Now we add some noise to the signal and solve the (slightly regularized) normal equations directly:

Show the code
b_flat = b.flatten().to(torch.float64)
x_flat = x.flatten().to(torch.float64)
Amat = Amat.to(torch.float64)

alpha = .01
noise = torch.randn_like(b_flat) * alpha

H = Amat.T @ Amat + alpha**2 * torch.eye(Amat.shape[0])
xhat = torch.linalg.solve(H, Amat.T @ (b_flat + noise))

plt.subplot(1,2,1)
plt.imshow(x[0,0])
plt.title('Original Image')
plt.subplot(1,2,2)
plt.imshow(xhat.reshape(x.shape[-2:]))
plt.title('Reconstructed Image');

Pseudoinverse Recovery of the Original Image with Noise.

The reconstruction is not very good — the noise has been amplified all over the image. We can try the pseudoinverse method again with the noise added to the signal.

Show the code
Amat_noisy = Amat + alpha * torch.eye(Amat.shape[0])
Un, Sn, Vn = torch.svd(Amat_noisy)

thresholds = [.5, .1, .05, .03, .005, .001]

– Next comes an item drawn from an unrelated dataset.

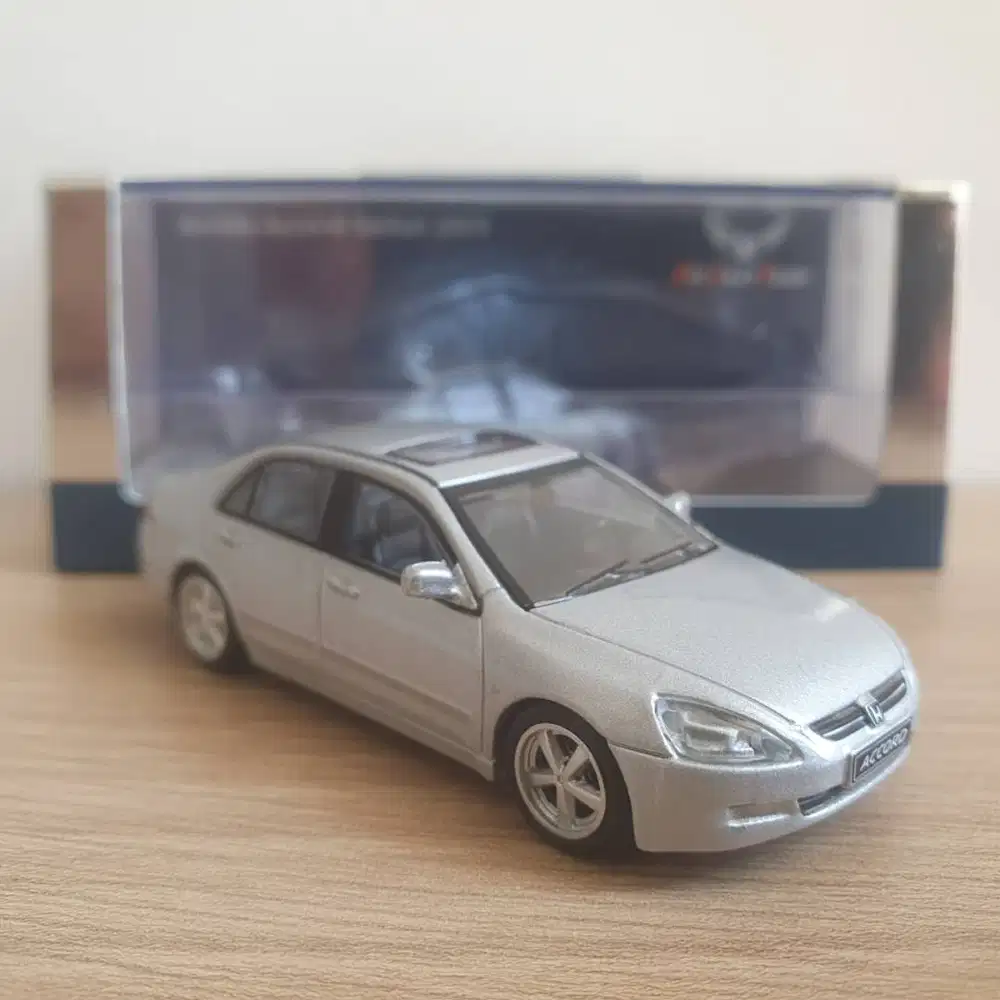 DCT Honda Accord Sedan 2005 1/64 (Silver, DieCastTeam, Not GCD G.C.D)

plt.figure(figsize=(7,5))  # Adjust the figure size as needed

for idx, threshold in enumerate(thresholds):
    # Filter the singular values
    S_filtered = Sn.clone()
    S_filtered[S_filtered < threshold] = 0

    # Compute the reciprocal of the filtered singular values
    S_inv = torch.zeros_like(S_filtered)
    non_zero_mask = S_filtered > 0
    S_inv[non_zero_mask] = 1 / S_filtered[non_zero_mask]

    # Construct the pseudoinverse of Amat
    A_pinv = Vn @ torch.diag(S_inv) @ Un.T

    # Reconstruct the original image
    xhat = A_pinv @ (b_flat + noise)

    # Compute the reconstruction error
    error = torch.norm(xhat - x_flat, p='fro').item()

    # Plot the reconstructed image in the appropriate subplot
    plt.subplot(2, 3, idx + 1)  # idx + 1 because subplot indices start at 1
    plt.imshow(xhat.reshape(x.shape[-2:]))
    plt.title(f'Threshold {threshold}\nError: {error:.4f}')
    plt.colorbar()
    plt.axis('off')  # Optionally turn off axis ticks and labels

plt.tight_layout()
plt.show()

Pseudoinverse Recovery of the Original Image with Noise.

The small addition of noise significantly changes the optimal truncation threshold for reconstruction. Using a higher threshold for the singular values becomes important when dealing with noise in the signal: previously numerical precision was the main limitation, but now the measurement noise dominates.